Dataset entries START
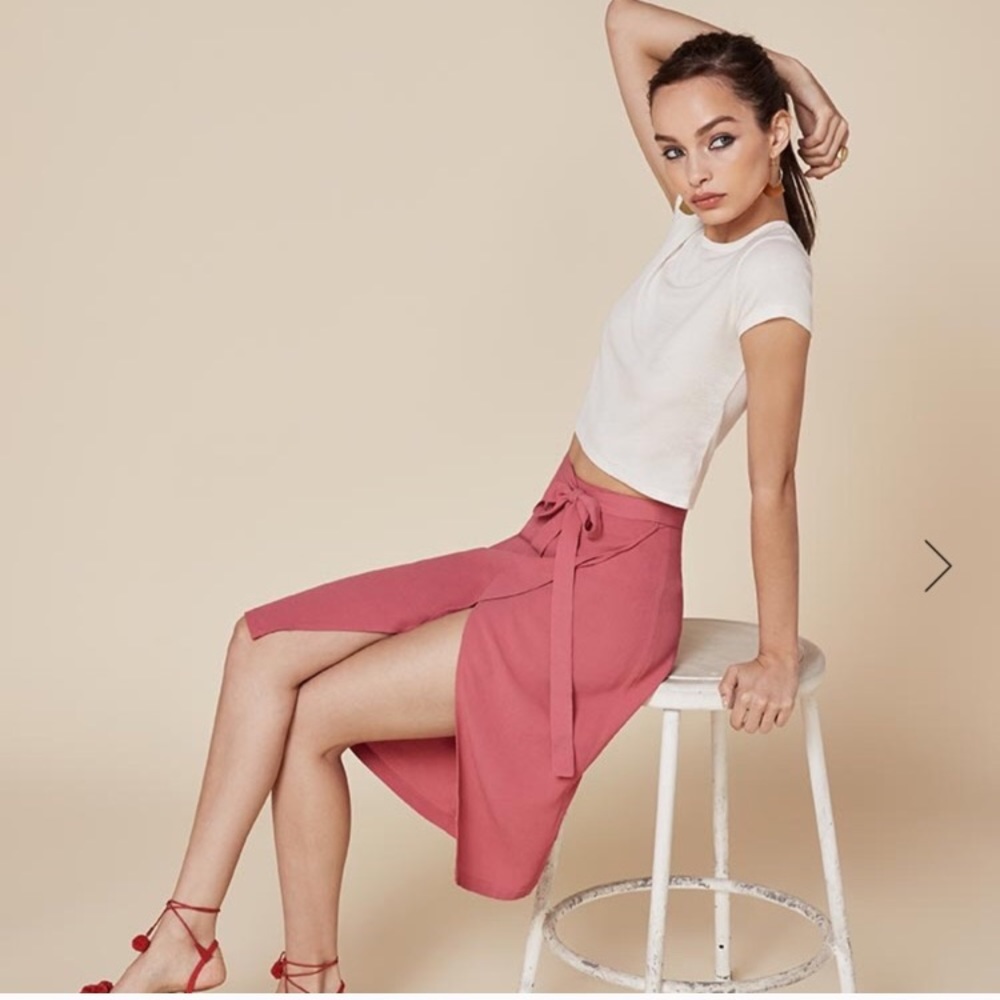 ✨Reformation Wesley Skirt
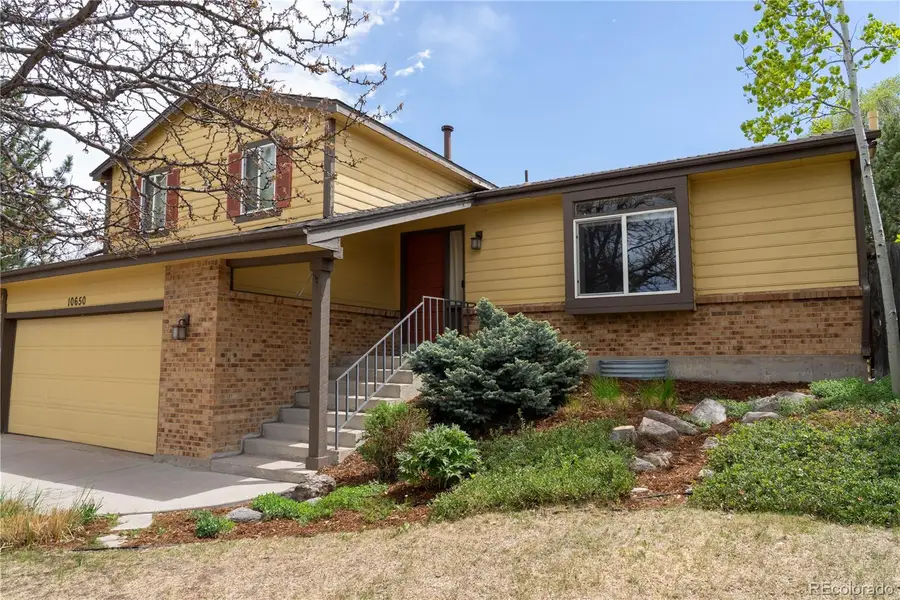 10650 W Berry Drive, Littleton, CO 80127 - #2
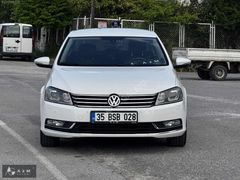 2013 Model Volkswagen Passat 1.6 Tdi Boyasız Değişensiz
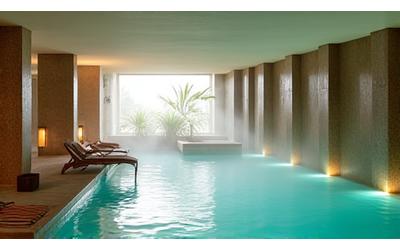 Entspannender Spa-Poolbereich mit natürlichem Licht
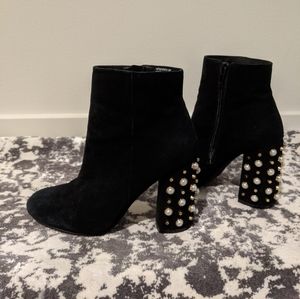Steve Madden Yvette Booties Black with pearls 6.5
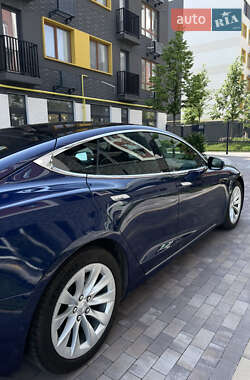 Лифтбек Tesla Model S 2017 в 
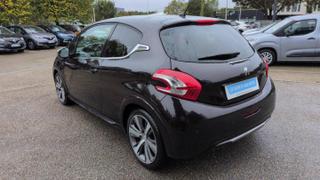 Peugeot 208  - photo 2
Dataset entries END
- **About this exercise**: Each entry above is to be written out exactly. The pictures stay out.

- **Solution to this task**:
 ✨Reformation Wesley Skirt
 10650 W Berry Drive, Littleton, CO 80127 - #2
 2013 Model Volkswagen Passat 1.6 Tdi Boyasız Değişensiz
 Entspannender Spa-Poolbereich mit natürlichem Licht
Steve Madden Yvette Booties Black with pearls 6.5
 Лифтбек Tesla Model S 2017 в 
 Peugeot 208  - photo 2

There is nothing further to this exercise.